• SUPPLIED MATERIAL
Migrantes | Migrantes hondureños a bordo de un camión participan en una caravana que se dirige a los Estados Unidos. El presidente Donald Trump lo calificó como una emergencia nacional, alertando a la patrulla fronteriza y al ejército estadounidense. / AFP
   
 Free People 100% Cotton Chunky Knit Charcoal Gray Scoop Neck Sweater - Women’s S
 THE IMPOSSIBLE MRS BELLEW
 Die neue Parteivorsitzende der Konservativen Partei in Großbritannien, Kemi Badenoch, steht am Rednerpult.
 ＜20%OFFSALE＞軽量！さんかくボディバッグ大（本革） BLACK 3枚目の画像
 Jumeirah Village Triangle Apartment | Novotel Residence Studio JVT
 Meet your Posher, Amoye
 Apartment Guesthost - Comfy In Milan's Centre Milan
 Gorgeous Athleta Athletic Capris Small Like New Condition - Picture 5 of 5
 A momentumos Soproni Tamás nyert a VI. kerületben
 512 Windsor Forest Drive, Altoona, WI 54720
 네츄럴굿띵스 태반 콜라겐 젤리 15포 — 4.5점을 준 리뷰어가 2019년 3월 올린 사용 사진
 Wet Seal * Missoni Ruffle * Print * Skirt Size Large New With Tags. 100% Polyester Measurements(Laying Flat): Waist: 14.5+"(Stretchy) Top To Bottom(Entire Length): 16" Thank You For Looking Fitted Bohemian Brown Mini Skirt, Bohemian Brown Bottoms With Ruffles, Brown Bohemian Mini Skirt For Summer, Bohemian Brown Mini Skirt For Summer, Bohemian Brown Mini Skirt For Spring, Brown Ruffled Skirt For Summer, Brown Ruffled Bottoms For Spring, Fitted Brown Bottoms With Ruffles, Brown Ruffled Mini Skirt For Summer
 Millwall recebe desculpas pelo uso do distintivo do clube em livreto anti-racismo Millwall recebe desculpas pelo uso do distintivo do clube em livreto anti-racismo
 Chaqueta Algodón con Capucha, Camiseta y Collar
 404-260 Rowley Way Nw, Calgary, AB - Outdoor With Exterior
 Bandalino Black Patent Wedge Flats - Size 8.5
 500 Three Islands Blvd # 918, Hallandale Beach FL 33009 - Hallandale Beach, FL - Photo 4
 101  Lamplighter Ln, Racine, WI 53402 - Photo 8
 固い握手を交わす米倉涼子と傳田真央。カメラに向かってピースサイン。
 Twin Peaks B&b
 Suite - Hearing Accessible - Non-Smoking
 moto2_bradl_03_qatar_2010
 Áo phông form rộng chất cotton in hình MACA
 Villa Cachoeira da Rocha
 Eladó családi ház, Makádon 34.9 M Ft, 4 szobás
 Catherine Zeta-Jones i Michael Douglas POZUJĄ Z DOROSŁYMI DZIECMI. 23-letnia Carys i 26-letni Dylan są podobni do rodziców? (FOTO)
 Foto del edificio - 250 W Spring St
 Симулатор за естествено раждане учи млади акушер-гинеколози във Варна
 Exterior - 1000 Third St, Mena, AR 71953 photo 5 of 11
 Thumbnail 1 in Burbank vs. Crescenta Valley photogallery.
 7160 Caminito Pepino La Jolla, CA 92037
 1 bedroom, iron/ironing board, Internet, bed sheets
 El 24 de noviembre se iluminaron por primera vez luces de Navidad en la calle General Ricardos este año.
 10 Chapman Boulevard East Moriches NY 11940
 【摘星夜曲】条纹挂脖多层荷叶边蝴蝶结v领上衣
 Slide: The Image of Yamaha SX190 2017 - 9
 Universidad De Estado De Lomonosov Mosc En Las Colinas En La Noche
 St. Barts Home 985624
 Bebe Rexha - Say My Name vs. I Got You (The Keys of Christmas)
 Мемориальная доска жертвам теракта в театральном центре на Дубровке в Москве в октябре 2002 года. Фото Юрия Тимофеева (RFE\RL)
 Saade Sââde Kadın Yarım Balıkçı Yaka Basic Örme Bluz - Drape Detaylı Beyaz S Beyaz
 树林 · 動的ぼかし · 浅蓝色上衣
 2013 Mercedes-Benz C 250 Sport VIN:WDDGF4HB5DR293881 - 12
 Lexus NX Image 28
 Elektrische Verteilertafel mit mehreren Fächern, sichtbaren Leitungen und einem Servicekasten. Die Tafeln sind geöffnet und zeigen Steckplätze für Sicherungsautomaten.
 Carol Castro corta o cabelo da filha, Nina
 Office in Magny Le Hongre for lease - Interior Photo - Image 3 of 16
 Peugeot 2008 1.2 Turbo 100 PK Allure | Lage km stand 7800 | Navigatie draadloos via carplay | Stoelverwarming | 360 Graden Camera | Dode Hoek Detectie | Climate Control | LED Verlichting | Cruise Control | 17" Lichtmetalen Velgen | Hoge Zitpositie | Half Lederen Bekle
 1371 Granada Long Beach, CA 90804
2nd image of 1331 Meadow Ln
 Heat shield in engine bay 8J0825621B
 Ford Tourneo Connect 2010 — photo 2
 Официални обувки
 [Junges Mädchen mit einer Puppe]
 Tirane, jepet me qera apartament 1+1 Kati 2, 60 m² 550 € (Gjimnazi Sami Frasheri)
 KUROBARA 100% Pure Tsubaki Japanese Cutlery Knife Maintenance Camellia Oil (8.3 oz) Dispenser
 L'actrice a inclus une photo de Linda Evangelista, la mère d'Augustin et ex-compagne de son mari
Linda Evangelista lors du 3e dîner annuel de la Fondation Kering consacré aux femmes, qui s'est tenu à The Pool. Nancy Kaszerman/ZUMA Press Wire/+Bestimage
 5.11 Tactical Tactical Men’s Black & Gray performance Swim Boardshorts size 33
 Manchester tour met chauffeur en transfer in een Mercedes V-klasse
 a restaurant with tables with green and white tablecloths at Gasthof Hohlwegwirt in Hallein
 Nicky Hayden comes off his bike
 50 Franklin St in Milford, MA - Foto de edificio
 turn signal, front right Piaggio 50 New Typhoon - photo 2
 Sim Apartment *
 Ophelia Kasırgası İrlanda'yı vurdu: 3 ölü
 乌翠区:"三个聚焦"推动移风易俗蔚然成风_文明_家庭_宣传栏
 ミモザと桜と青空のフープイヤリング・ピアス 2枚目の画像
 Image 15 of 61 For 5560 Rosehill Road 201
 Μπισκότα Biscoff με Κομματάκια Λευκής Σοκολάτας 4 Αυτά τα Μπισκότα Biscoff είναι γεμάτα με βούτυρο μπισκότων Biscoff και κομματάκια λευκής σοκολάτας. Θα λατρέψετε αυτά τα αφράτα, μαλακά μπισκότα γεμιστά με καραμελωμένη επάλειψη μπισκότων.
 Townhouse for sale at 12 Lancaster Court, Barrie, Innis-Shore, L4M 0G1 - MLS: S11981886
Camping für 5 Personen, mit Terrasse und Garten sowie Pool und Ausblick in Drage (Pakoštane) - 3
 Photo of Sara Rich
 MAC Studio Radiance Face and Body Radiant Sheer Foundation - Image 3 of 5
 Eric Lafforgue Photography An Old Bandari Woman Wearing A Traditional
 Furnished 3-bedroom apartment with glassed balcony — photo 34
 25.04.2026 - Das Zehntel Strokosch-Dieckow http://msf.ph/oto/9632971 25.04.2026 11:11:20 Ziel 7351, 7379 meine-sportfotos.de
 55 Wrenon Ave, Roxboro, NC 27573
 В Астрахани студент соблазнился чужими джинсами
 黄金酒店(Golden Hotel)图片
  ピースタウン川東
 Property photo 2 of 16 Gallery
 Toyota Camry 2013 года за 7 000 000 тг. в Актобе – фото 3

• TASK
Nothing may be left out. Retype all the entries exactly.

• ANSWER BOX
Migrantes | Migrantes hondureños a bordo de un camión participan en una caravana que se dirige a los Estados Unidos. El presidente Donald Trump lo calificó como una emergencia nacional, alertando a la patrulla fronteriza y al ejército estadounidense. / AFP
   
 Free People 100% Cotton Chunky Knit Charcoal Gray Scoop Neck Sweater - Women’s S
 THE IMPOSSIBLE MRS BELLEW
 Die neue Parteivorsitzende der Konservativen Partei in Großbritannien, Kemi Badenoch, steht am Rednerpult.
 ＜20%OFFSALE＞軽量！さんかくボディバッグ大（本革） BLACK 3枚目の画像
 Jumeirah Village Triangle Apartment | Novotel Residence Studio JVT
 Meet your Posher, Amoye
 Apartment Guesthost - Comfy In Milan's Centre Milan
 Gorgeous Athleta Athletic Capris Small Like New Condition - Picture 5 of 5
 A momentumos Soproni Tamás nyert a VI. kerületben
 512 Windsor Forest Drive, Altoona, WI 54720
 네츄럴굿띵스 태반 콜라겐 젤리 15포 — 4.5점을 준 리뷰어가 2019년 3월 올린 사용 사진
 Wet Seal * Missoni Ruffle * Print * Skirt Size Large New With Tags. 100% Polyester Measurements(Laying Flat): Waist: 14.5+"(Stretchy) Top To Bottom(Entire Length): 16" Thank You For Looking Fitted Bohemian Brown Mini Skirt, Bohemian Brown Bottoms With Ruffles, Brown Bohemian Mini Skirt For Summer, Bohemian Brown Mini Skirt For Summer, Bohemian Brown Mini Skirt For Spring, Brown Ruffled Skirt For Summer, Brown Ruffled Bottoms For Spring, Fitted Brown Bottoms With Ruffles, Brown Ruffled Mini Skirt For Summer
 Millwall recebe desculpas pelo uso do distintivo do clube em livreto anti-racismo Millwall recebe desculpas pelo uso do distintivo do clube em livreto anti-racismo
 Chaqueta Algodón con Capucha, Camiseta y Collar
 404-260 Rowley Way Nw, Calgary, AB - Outdoor With Exterior
 Bandalino Black Patent Wedge Flats - Size 8.5
 500 Three Islands Blvd # 918, Hallandale Beach FL 33009 - Hallandale Beach, FL - Photo 4
 101  Lamplighter Ln, Racine, WI 53402 - Photo 8
 固い握手を交わす米倉涼子と傳田真央。カメラに向かってピースサイン。
 Twin Peaks B&b
 Suite - Hearing Accessible - Non-Smoking
 moto2_bradl_03_qatar_2010
 Áo phông form rộng chất cotton in hình MACA
 Villa Cachoeira da Rocha
 Eladó családi ház, Makádon 34.9 M Ft, 4 szobás
 Catherine Zeta-Jones i Michael Douglas POZUJĄ Z DOROSŁYMI DZIECMI. 23-letnia Carys i 26-letni Dylan są podobni do rodziców? (FOTO)
 Foto del edificio - 250 W Spring St
 Симулатор за естествено раждане учи млади акушер-гинеколози във Варна
 Exterior - 1000 Third St, Mena, AR 71953 photo 5 of 11
 Thumbnail 1 in Burbank vs. Crescenta Valley photogallery.
 7160 Caminito Pepino La Jolla, CA 92037
 1 bedroom, iron/ironing board, Internet, bed sheets
 El 24 de noviembre se iluminaron por primera vez luces de Navidad en la calle General Ricardos este año.
 10 Chapman Boulevard East Moriches NY 11940
 【摘星夜曲】条纹挂脖多层荷叶边蝴蝶结v领上衣
 Slide: The Image of Yamaha SX190 2017 - 9
 Universidad De Estado De Lomonosov Mosc En Las Colinas En La Noche
 St. Barts Home 985624
 Bebe Rexha - Say My Name vs. I Got You (The Keys of Christmas)
 Мемориальная доска жертвам теракта в театральном центре на Дубровке в Москве в октябре 2002 года. Фото Юрия Тимофеева (RFE\RL)
 Saade Sââde Kadın Yarım Balıkçı Yaka Basic Örme Bluz - Drape Detaylı Beyaz S Beyaz
 树林 · 動的ぼかし · 浅蓝色上衣
 2013 Mercedes-Benz C 250 Sport VIN:WDDGF4HB5DR293881 - 12
 Lexus NX Image 28
 Elektrische Verteilertafel mit mehreren Fächern, sichtbaren Leitungen und einem Servicekasten. Die Tafeln sind geöffnet und zeigen Steckplätze für Sicherungsautomaten.
 Carol Castro corta o cabelo da filha, Nina
 Office in Magny Le Hongre for lease - Interior Photo - Image 3 of 16
 Peugeot 2008 1.2 Turbo 100 PK Allure | Lage km stand 7800 | Navigatie draadloos via carplay | Stoelverwarming | 360 Graden Camera | Dode Hoek Detectie | Climate Control | LED Verlichting | Cruise Control | 17" Lichtmetalen Velgen | Hoge Zitpositie | Half Lederen Bekle
 1371 Granada Long Beach, CA 90804
2nd image of 1331 Meadow Ln
 Heat shield in engine bay 8J0825621B
 Ford Tourneo Connect 2010 — photo 2
 Официални обувки
 [Junges Mädchen mit einer Puppe]
 Tirane, jepet me qera apartament 1+1 Kati 2, 60 m² 550 € (Gjimnazi Sami Frasheri)
 KUROBARA 100% Pure Tsubaki Japanese Cutlery Knife Maintenance Camellia Oil (8.3 oz) Dispenser
 L'actrice a inclus une photo de Linda Evangelista, la mère d'Augustin et ex-compagne de son mari
Linda Evangelista lors du 3e dîner annuel de la Fondation Kering consacré aux femmes, qui s'est tenu à The Pool. Nancy Kaszerman/ZUMA Press Wire/+Bestimage
 5.11 Tactical Tactical Men’s Black & Gray performance Swim Boardshorts size 33
 Manchester tour met chauffeur en transfer in een Mercedes V-klasse
 a restaurant with tables with green and white tablecloths at Gasthof Hohlwegwirt in Hallein
 Nicky Hayden comes off his bike
 50 Franklin St in Milford, MA - Foto de edificio
 turn signal, front right Piaggio 50 New Typhoon - photo 2
 Sim Apartment *
 Ophelia Kasırgası İrlanda'yı vurdu: 3 ölü
 乌翠区:"三个聚焦"推动移风易俗蔚然成风_文明_家庭_宣传栏
 ミモザと桜と青空のフープイヤリング・ピアス 2枚目の画像
 Image 15 of 61 For 5560 Rosehill Road 201
 Μπισκότα Biscoff με Κομματάκια Λευκής Σοκολάτας 4 Αυτά τα Μπισκότα Biscoff είναι γεμάτα με βούτυρο μπισκότων Biscoff και κομματάκια λευκής σοκολάτας. Θα λατρέψετε αυτά τα αφράτα, μαλακά μπισκότα γεμιστά με καραμελωμένη επάλειψη μπισκότων.
 Townhouse for sale at 12 Lancaster Court, Barrie, Innis-Shore, L4M 0G1 - MLS: S11981886
Camping für 5 Personen, mit Terrasse und Garten sowie Pool und Ausblick in Drage (Pakoštane) - 3
 Photo of Sara Rich
 MAC Studio Radiance Face and Body Radiant Sheer Foundation - Image 3 of 5
 Eric Lafforgue Photography An Old Bandari Woman Wearing A Traditional
 Furnished 3-bedroom apartment with glassed balcony — photo 34
 25.04.2026 - Das Zehntel Strokosch-Dieckow http://msf.ph/oto/9632971 25.04.2026 11:11:20 Ziel 7351, 7379 meine-sportfotos.de
 55 Wrenon Ave, Roxboro, NC 27573
 В Астрахани студент соблазнился чужими джинсами
 黄金酒店(Golden Hotel)图片
  ピースタウン川東
 Property photo 2 of 16 Gallery
 Toyota Camry 2013 года за 7 000 000 тг. в Актобе – фото 3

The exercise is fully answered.